Grief Is Sudden

I had a moment yesterday, I didn’t quite understand what was going on but there was a feeling I couldn’t shake. Have you ever encountered a moment where you didn’t know what was wrong but something is bothering you?

I loss my Dad a month before the birth of my son on November 24th Thanksgiving Day in 2011. I later birthed my son December 23, 2011.

My precious joy

I envisioned my Dad being the greatest granddad as he played the role of being the greatest father. Each day he come over to visit he talked on all the things he had planned with his grandchild, which was sports of course.

As I encountered the challenge of being a new mom minus one parent I was devastated. I had no idea how to be a mom nor what parenthood would be like but I made the best of it.

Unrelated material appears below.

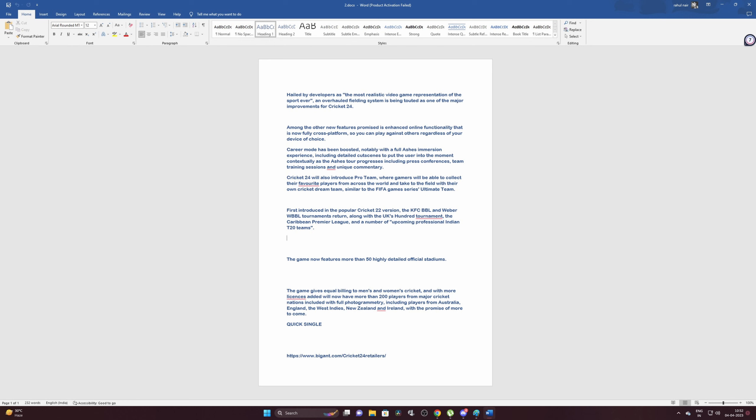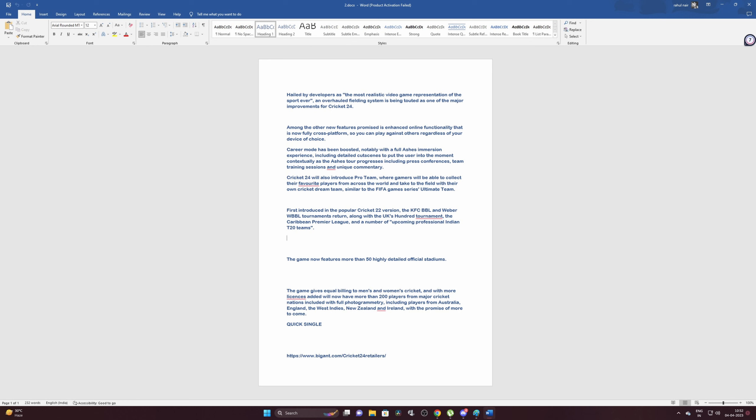Career mode has been boosted notably with a full Ashes immersion experience including detailed cutscenes to put the user into the moment contextually as the Ashes tour progresses, including press conferences, team training sessions, and unique commentary. As you can understand, the career mode gets a big update which was much needed, and it also has an Ashes career mode. Big stuff happening in career mode.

There are moments where grief hits and instantly shifts my mood from happy to sad but yet I still manage to pretend I’m okay when in actuality I’m missing a piece of me that cut the depths of my soul.

In life I learned one thing no matter what happens life still goes on right? Like the bills are still due, you still have to live for you to survive.

I came to realization on last night grief would not hold me captive but instead I would take my power back. I got in my car and took myself for a ride to get a breath of fresh air while mentally telling myself “GIRL BREATHE.”

I then played some music to help cope my mind as music is like therapy to the soul.

“Music has healing power. It has the ability to take people out of themselves for a few hours.” —Elton John

I guess the main question is how do we cope when life reminds us of each loss? You remind life of each win by continuously showing up for you and being grateful no matter the moment.

I found that every time I speak of how I felt at the moment, others would always respond “you’re going to be okay” or “time heals all.” What they don’t understand is there are stages one goes through while grieving.

Five stages of grief are:

  • denial
  • anger
  • bargaining
  • depression
  • acceptance

I search for the time to heal due to the lingering of hurt but I’ve just come to terms to accept things as they are and embrace how beautiful life is. I choose to live in love, with a clean heart and peaceful mind. Some things we can’t control in life but we can certainly break free from.

My advice while you are grieving is to allow yourself time to grieve. It’s a process, it’s a journey that one must recover from. It’s not easy when the memories won’t fade away. The hardest part is letting go of the idea that they may return.

So how do we break free of grief? We learn to accept it!